Opini
Edukasi Debat Level Pilpres: Membaca Fenomena Gibran
Apolonius Anas, Direktur U-Genius Institut Kefamenanu, menyajikan opini debat cawapres berjudul Edukasi Debat Level Pilpres: Membaca Fenomena Gibran.
Oleh Apolonius Anas
Direktur U-Genius Institut Kefamenanu
POS-KUPANG.COM - Gibran Rakabuming Raka paling disorot dalam debat pamungkas calon wakil presiden, Minggu (21/1/2024) malam. Berbagai meme di medsos bahkan celoteh masyarakat mengarah padanya berseliweran. Pro kontra kehadirannya dalam blantika politik nasional terus diperbincangkan. Gibran adalah pusat sensasi dan pusaran dialektika politik Indonesia jelang Pilpres 2024. Wajah Gibran bagaikan membran sel yang mampu merusak nalar berpikir warga terdidik seantero negeri.
Puncaknya ketika wajah Gibran dipertontonkan dalam tajuk debat cawapres yang lalu. Banyak orang berkomentar negatif tentang hasil debat dan bahasa yang digunakan dalam debat itu. Simpulannya, Gibran dipastikan asbun atau asal bunyi yang berakibat pada sentimen negatif di jagat maya.
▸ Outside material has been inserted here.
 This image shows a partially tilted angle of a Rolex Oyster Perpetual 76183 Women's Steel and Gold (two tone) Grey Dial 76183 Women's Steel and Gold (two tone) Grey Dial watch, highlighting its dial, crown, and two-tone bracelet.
Pada kondisi itu Gibran dipastikan salah belajar dari mentor debatnya. Atau boleh jadi mentor debat menjebaknya karena alasan politis. Dan begitulah nasib calon pemimpin jika tidak punya posisi berpikir yang terbukti dalam logika, praktika, estetika dalam pola komunikasi massa.
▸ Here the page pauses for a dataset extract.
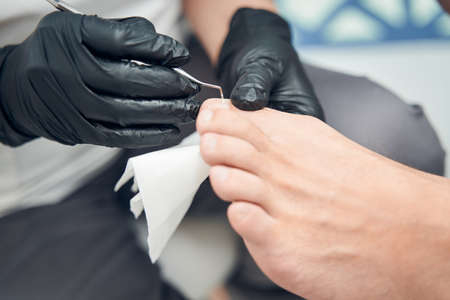 Pedicure master hands doing pedicure for manの写真素材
Itu tercermin dalam bahasa dan gimik yang digunakan. Sekali lagi maklum anak presiden. Dia terjebak dalam gimik daripada konsistensi pada visi berpikir. Saya berkeyakinan bahwa Gibran hampir tidak punya isi pikiran dalam debat itu. Dia meminjam pikiran orang lain atau mentor dalam persiapan debat. Sehingga dia salah dalam menghafal dan salah kaprah dalam berkata-kata tentang isi pikiran mentornya.
Fenomena yang terjadi pada Gibran adalah sebuah contoh misedukasi dalam berdebat. Ada beberapa alasan yang mengemuka dalam forum debat kali lalu.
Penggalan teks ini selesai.